A portrait of the priesthood
by Megan Marz
SojoMail 6-02-2005
A review of Priests: A Calling in Crisis, by Andrew Greeley. University of Chicago Press.
Though its focus is narrow, Andrew Greeley’s recent book Priests: A Calling in Crisis reaches a conclusion that’s widely applicable – a conclusion from which not only a church divided, but a country divided, ought to learn.
To help solve the myriad problems facing the Catholic Church in America, priests, Greeley writes, should stop wallowing in denial about those very problems, stop blaming them on superiors and subordinates, stop condescending to the laity, and “be quiet and listen. And listen. And listen.”
But before he concludes with that simple advice, the priest and sociology professor winds through 156 pages of statistics and analysis on the state of the Catholic priesthood in America. His book, which looks through the lens of the Catholic sexual abuse crisis of 2002, is largely based on three national surveys of priests taken over a span of 30 years. Greeley uses the data to support his thesis: The abuse scandal (and by extension many of the Church’s other problems) was caused not by celibacy, as many liberals argue, nor homosexuality, as many conservatives argue, but by a trenchant clerical culture that fosters “blind loyalty to the guys.”
“When the values of our fellow clergy create our only perspectives on the world,” Greeley writes, “when gossip about other priests is our principle subject for small talk, we are isolating ourselves – and dangerously so – from the rest of humankind.”
Which is not to say that isolation causes abuse. Rather, Greeley writes, the isolation causes denial of abuse: “Protestants, ‘non-Catholics,’ and the laity must not know about our drunks, our borderline personalities, our loafers, our slugs, our eccentrics, our womanizers, our strange ones that dote on little boys or little girls, and all the other men who somehow managed to make it to ordination. To keep this systematic denial effective, we sometimes have to blind ourselves to the obvious.”
And that blindness, that tendency to deny a problem rather than solve it, is what ultimately created the scandal in what Greeley calls the “Year of the Pedophile.”

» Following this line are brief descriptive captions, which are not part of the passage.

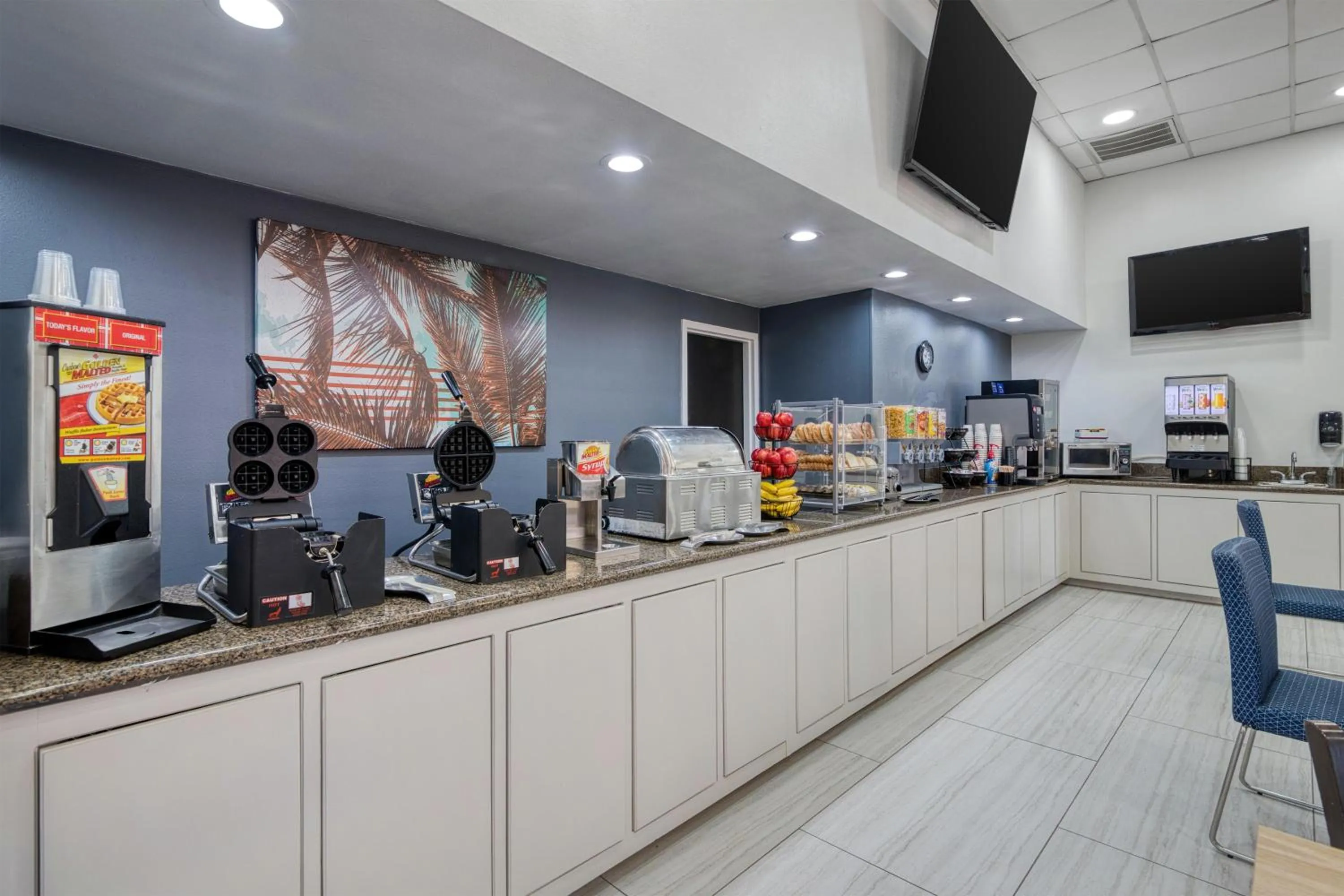 Breakfast in Best Western Of Walterboro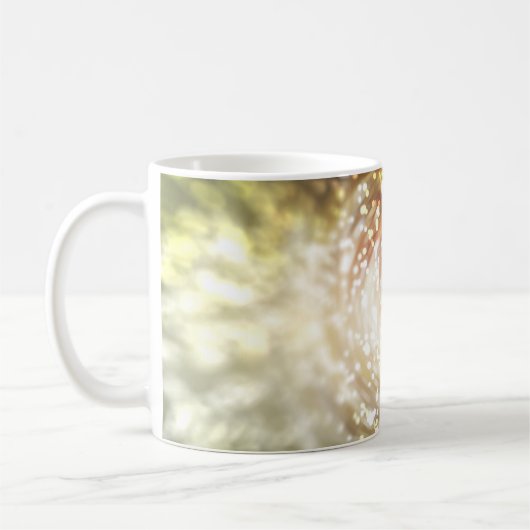 gold abstract blur background, with defocused boke kaffeetasse (Links)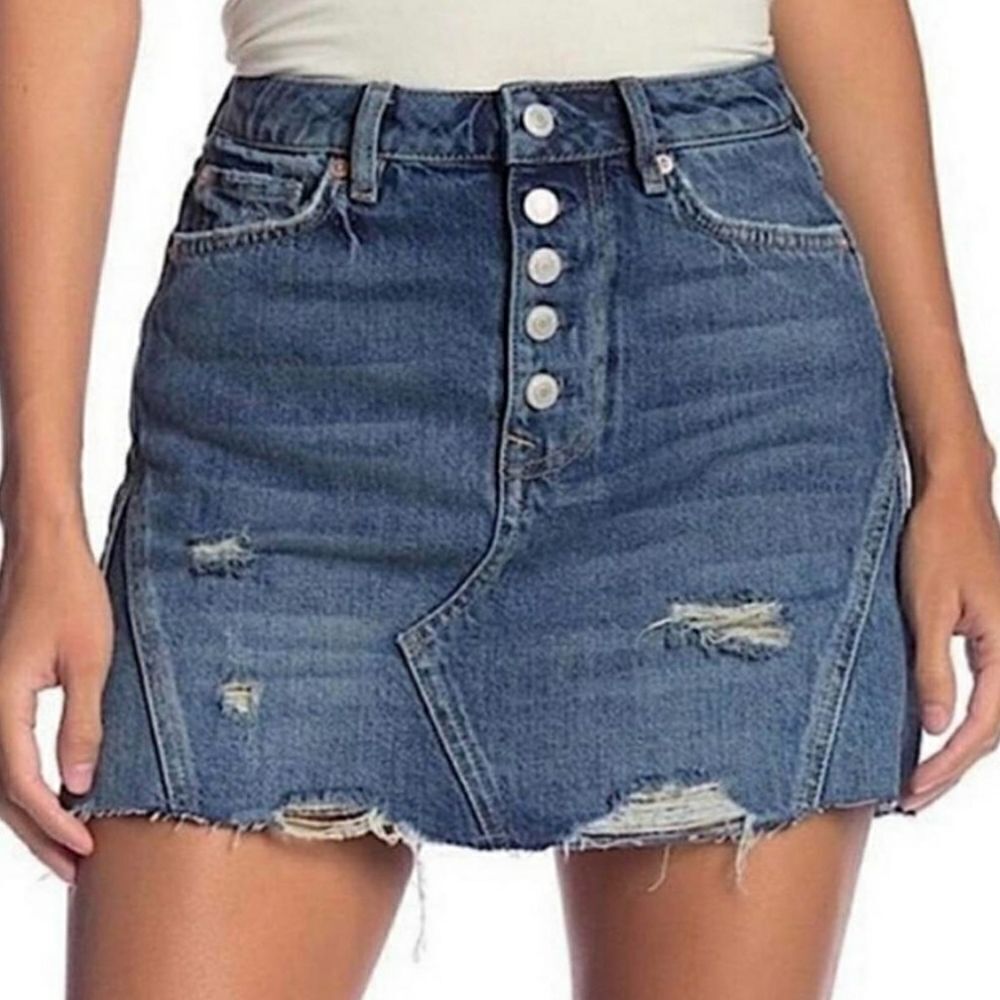 We the Free Distressed Denim Skirt Sz 26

That said, Greeley doesn’t think priests are exclusively to blame for the scandal. In his introduction, he takes a rhetorical shot at “those ideologues (of the right or the left) who provided raw meat for the feeding frenzy of 2002 without much solid evidence for their assertions.” Who were those ideologues? So-called experts who made the rounds on TV talk shows to boil a complex issue down to simplistic sound bites, taking sides in the abuse scandal as they do on almost every similarly complex issue.

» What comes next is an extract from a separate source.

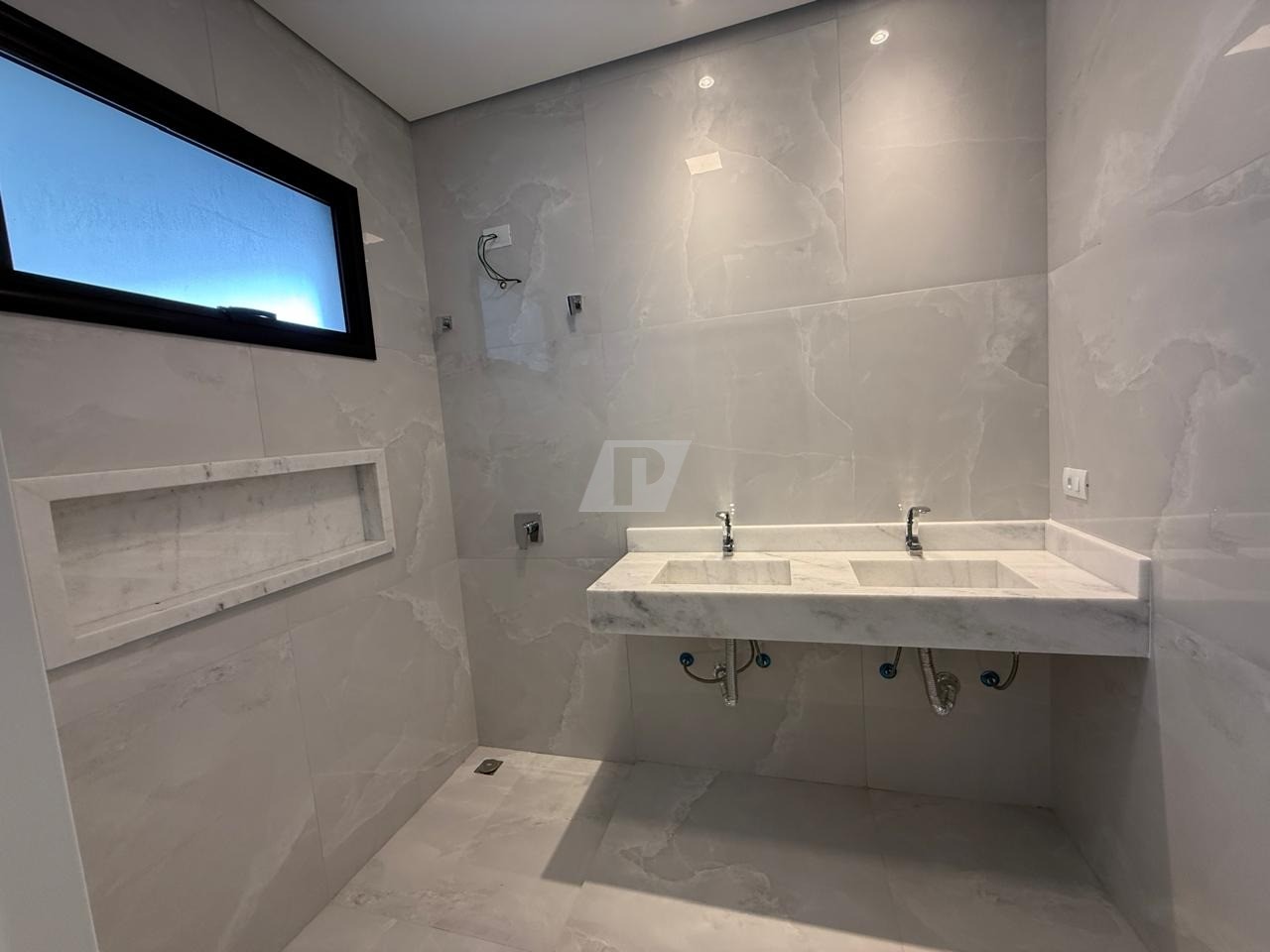 Casa de Condomínio à venda com 3 quartos, 255m² - Foto 30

Greeley paints a more clear-headed, albeit grayer, portrait of the priesthood with the results of the two Los Angeles Times surveys (1993 and 2002) and one survey taken in 1970 by the University of Chicago’s National Opinion Research Center, where he is on staff. In addition to using the statistics to support his skewering of clerical culture, Greeley draws conclusions from the results that portray priests as less dysfunctional than they might seem after a perusal of the 2002 press coverage.
He reminds readers, for example, that most priests are not abusers. (A study by John Jay College of Criminal Justice in New York found that 4 percent of American priests ministering between 1950 and 2002 had been accused of abuse). He also reveals that priests appear to be happy in their work: In the NORC study, 78 percent said they would choose to be priests again, while in the Times studies, 90 and 92 percent said they would make the same decision. In fact, he writes, priests are more satisfied in their work than doctors, lawyers, and Protestant ministers.
Priests don’t come close to Protestant ministers, though, when it comes to satisfying those they’re supposed to serve. Forty percent of Protestants say their clergy is excellent, compared with 20 percent of Catholics. Greeley argues that fewer Catholics approve of their ministers because those ministers are out of touch. “Lack of prayer, lack of responsibility, lack of education, materialism, secularism…are quick and easy answers that the beleaguered cleric tends to give [for the Church’s problems] …. Yet these clich ©s of clerical culture won’t do. They suggest that many, many priests have no idea of the spiritual needs and problems of the laity and are all too ready to push them into simple categories.”
Perhaps because he avoids such simple categories, Greeley doesn’t ever reconcile the positive and negative sides of his priestly portrayal. Such reconciliation would have been impossible in such a slim volume. But reconciliation isn’t the point. This book is less a comprehensive overview than a starting point for discussion about the future: a discussion that, like all serious discussions of our times, should include little simplification and a lot of listening. And listening.
Megan Marz is a freelance writer living in Chicago.